Opinion
December 3, 1992
Appeal from the Supreme Court, New York County (Harold Tompkins, J.).
The pivotal distinction between the Shareholders' and Partnership Agreements, and the Management Agreement, which vested managerial authority in the plaintiffs, is that the former contains an arbitration clause whereas the latter expressly does not. Moreover, the Management Agreement included additional parties, and did not reference the Shareholders' Agreement. The various agreements executed by the parties are not "so inextricably interwoven" as to render the arbitration clause contained in the Shareholders' Agreement applicable to the Management Agreement (see, Matter of Calvin Klein Co. [Minnetonka, Inc.], 88 A.D.2d 503, 504). Rather, the respective agreements are mutually exclusive and unrelated, and an agreement to arbitrate must not depend upon implication or subtlety (Matter of Waldron [Goddess], 61 N.Y.2d 181, 183-184).
Defendants' blocking of the corporate accounts constituted an irreparable injury and warranted the grant of the preliminary injunction (see, Interfaith Med.
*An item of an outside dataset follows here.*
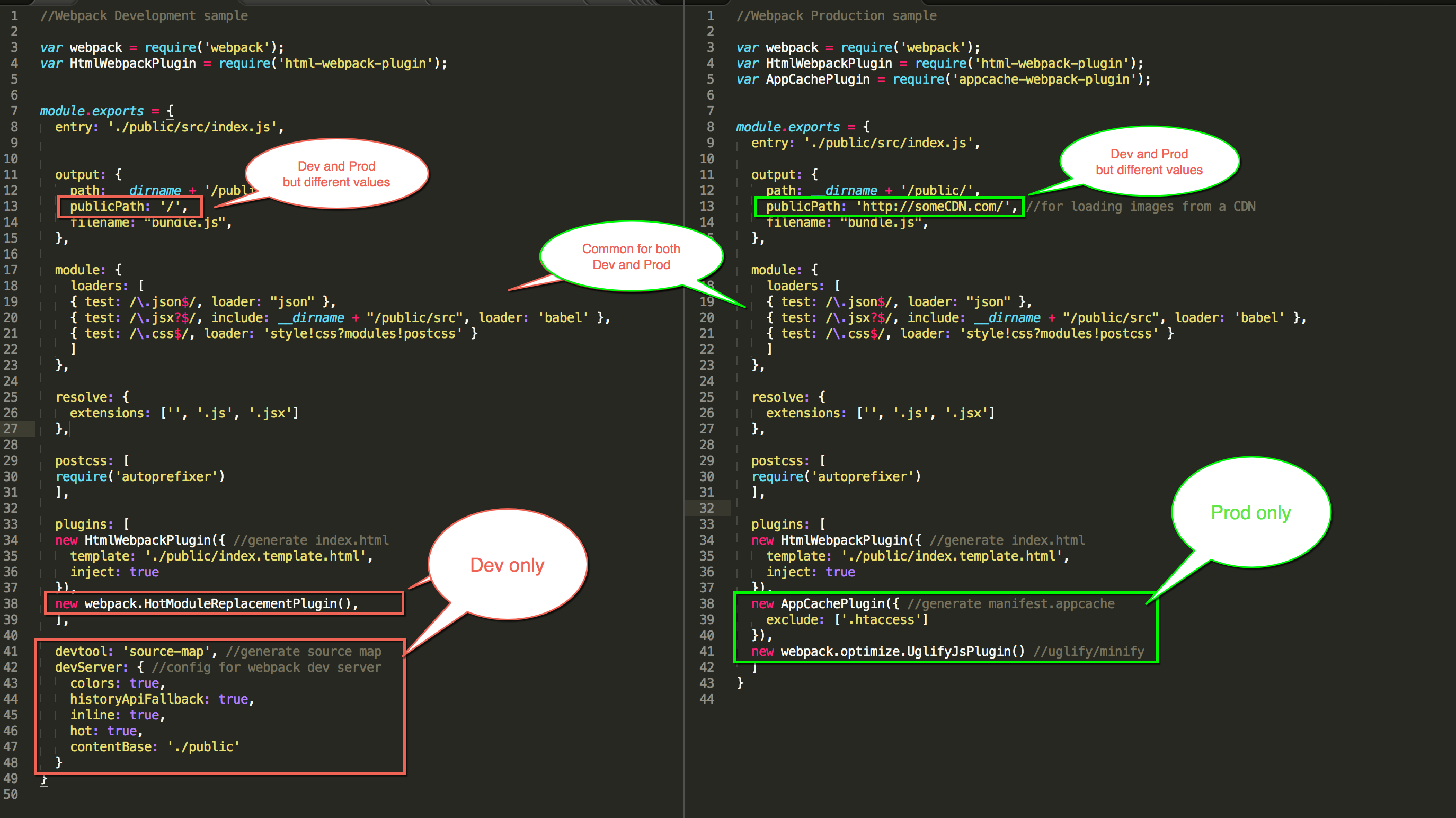 Html module. Webpack. HTMLWEBPACKPLUGIN. Webpack Module Federation. Style JSX.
Ctr. v Shahzad, 124 A.D.2d 557; 7A Weinstein-Korn-Miller, N Y Civ Prac ¶ 6301.13). The court properly having balanced the equities with the standard of fiduciary duties (see, Rapoport v Schneider, 29 N.Y.2d 396, 400, 403), it cannot be said that the court abused its discretion in fixing the amount of the undertaking (Congress Talcott Corp. v Pacemakers Trading Corp., 161 A.D.2d 554; 7A Weinstein-Korn-Miller, N Y Civ Prac ¶ 6312.11). In conclusion, defendants, by initially cross-moving for arbitration, obviated the service provisions of CPLR 7503 (c) (County of Sullivan v Edward L. Nezelek, Inc., 42 N.Y.2d 123, 126-127).
Concur — Sullivan, J.P., Carro, Wallach and Rubin, JJ.